John shudders inwardly. “How did you get away?” 

“Mycroft. It was a couple of days before I came home.” 

“Did you get it looked at by a doctor?” 

“Mycroft had a nurse dress it when we got to Germany.” Sherlock flinches again when John runs his fingers over the scores. 

“Does it hurt?” 

“No. It’s just that I can still remember what it felt like and it was – well, it was unpleasant.” 

“Do you want to tell me about it?” 

“No. I appreciate that you’re curious but I’d rather not talk about it now.” Sherlock hates withholding, hates denying John such important intelligence and scrapes around his ever sorry heart for compensation. “Maybe another time when it’s more of a memory.”

John understands and nods briefly. “So the night you came to the restaurant and saw me…” 

Sherlock can’t think of a way to dilute it. “Yes, I had the wounds and yes, it hurt when you knocked me over.” 

But not as badly as your hatred of me. Not as badly as having Mary come between us to broker a resolution. 

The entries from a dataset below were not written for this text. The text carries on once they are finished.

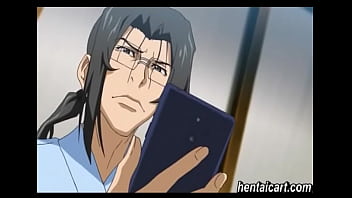 Dadey Sleping Sun Force Sex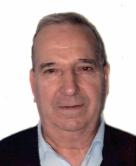 MARTIN JOSE EIZAGUIRRE AGUIRRE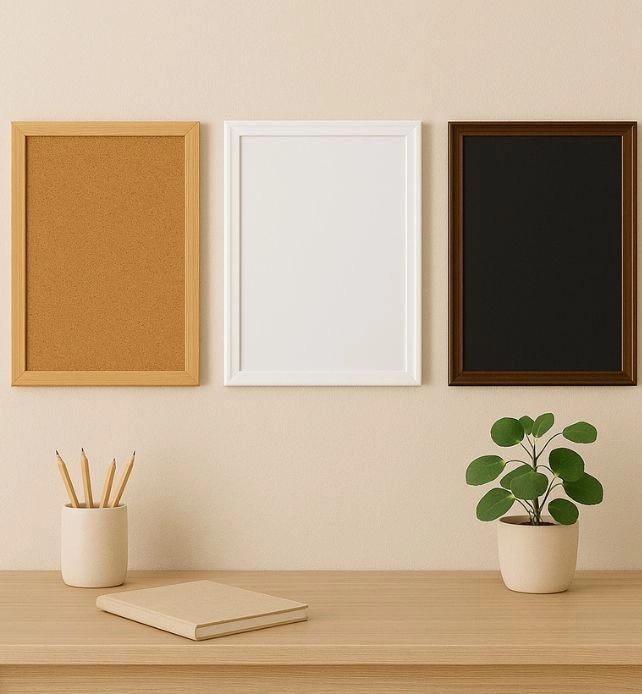 Custom wall decor project 5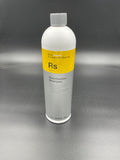KCX  Rs  Reactivation Shampoo 1L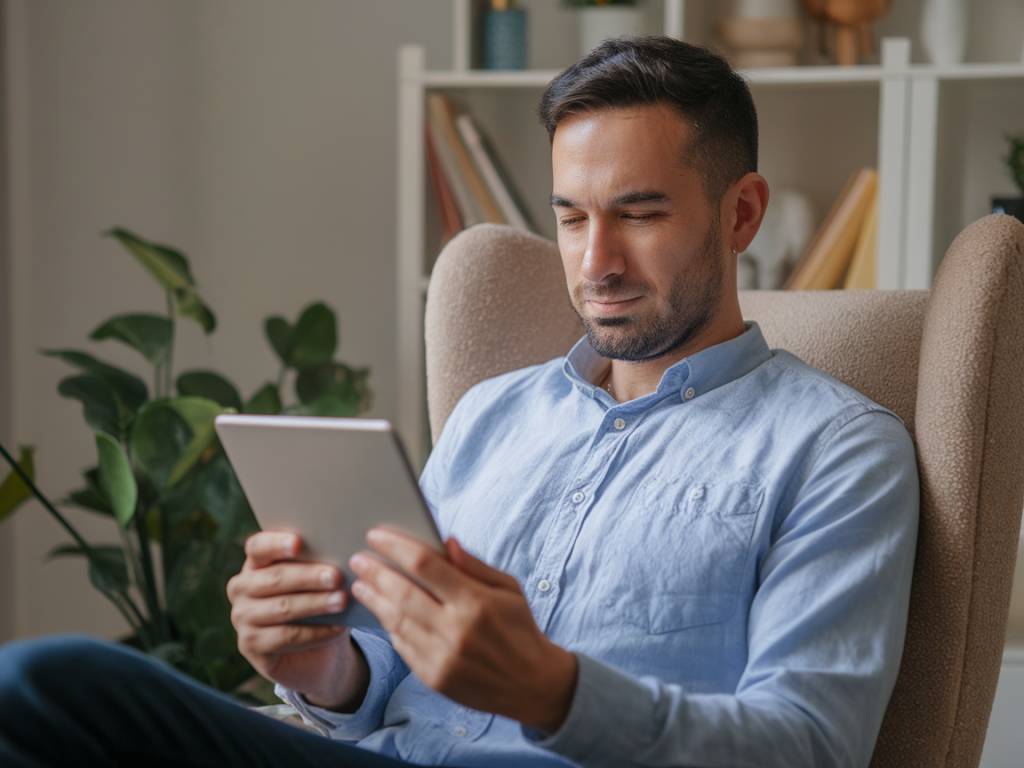 Mutuelle santé et téléconsultation : comment en tirer le meilleur parti ?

It’s those memories that put the sad shades in Sherlock’s eyes. He walks back to his room and closes the door to dress. 

John doesn’t touch Sherlock’s back after that. 

***

For nearly two weeks they are polite, friendly but unable to traverse the gulf that’s there between them. 

It grates John. He lays awake in bed at night, reliving Mary, reliving Moriarty, reliving all the people who have tried to wrench he and Sherlock apart. 

In his mind he sees the marks on Sherlock’s back, freshly laid, wet and glittering with blood and sweat. 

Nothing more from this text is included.